Let’s not try and dress this situation up; rain is never going to end well for photographers. The problem relates to the equipment getting wet, and this then being visible on the photos themselves.

Bearing this in mind, the easiest way to mitigate the risks is to simply find cover at any opportunity. This can be as inventive as you desire. For example, if there is a porch or awning this is nigh-on perfect for your circumstances, but you really can get even more creative. For example, some of you might decide to shoot from a car – just to keep everything dry. Sure, it might mean that you struggle to maneuver into position somewhat, but overall the result is much better as everything is being kept rain-free.

Take advantage of the reflections

While the rain does make things harder, there are ways in which you can take advantage of it. Reflections are one such way and everything that has been left wet in the path of the way is going to glisten under the camera. It’s going to look much more vibrant and as we all know, vibrancy aids fantastic photos.

You’ll notice that mundane subjects, such as the front of a store, really come to life.
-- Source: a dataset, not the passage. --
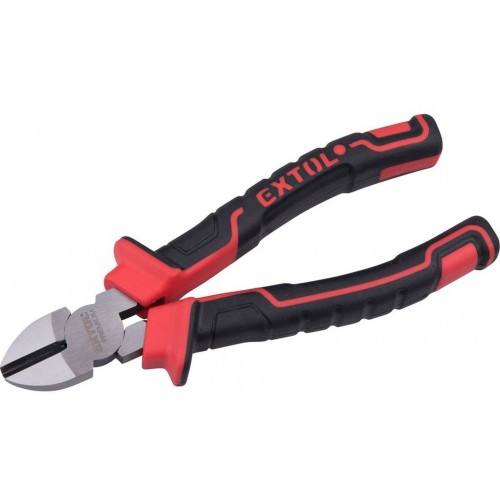 EXTOL PREMIUM kleště štípací boční, 160mm 8813186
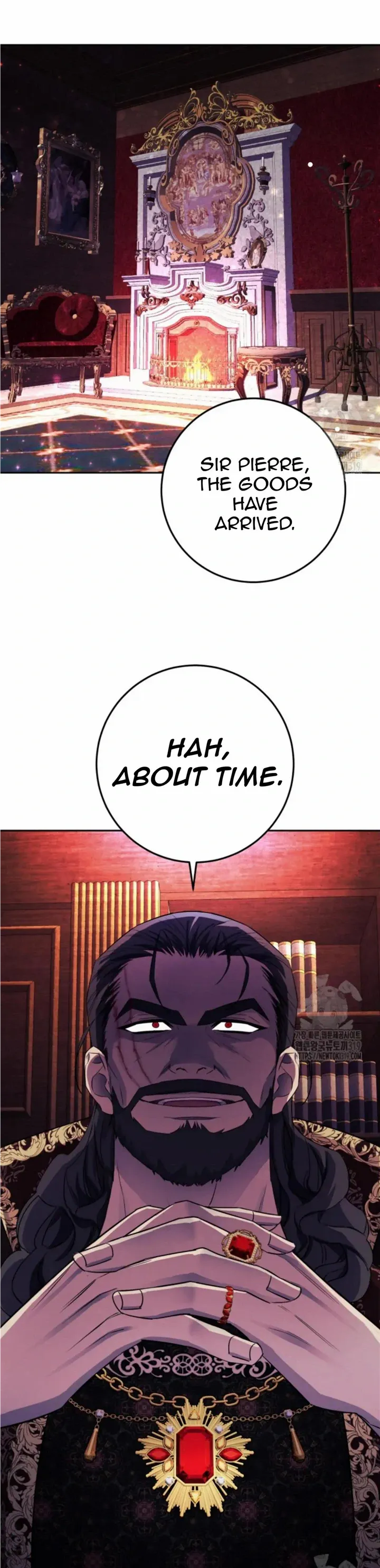 If You Save an Immoral Beast Chapter 3 page 16 -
All the tiny details will glisten and this is something that no other scene is able to provide.

Make use of the flash

As we all know, there’s a time and a place to tap into the flash function on your camera. Most people assume that a rainy day doesn’t fall into this category, but we are going to disagree.

Sure, you don’t want a full flash, as this is going to set your raindrops alight and pretty much ruin your photo. Instead, we’re going to suggest you opt for moderation. This means that you should look to turn it down a few stops (maybe 3.0), which will just add a hint of vibrancy (have you noticed this magic word?) in the rain that’s falling.

Unfortunately, this really is one of those techniques where you might have to experiment. It all depends on how much rain is falling, and what scene you are shooting in. You need to work out how much flash is going to work but if you can perfect it, you’ll be amazed at the overall difference it makes to all of your rain snaps.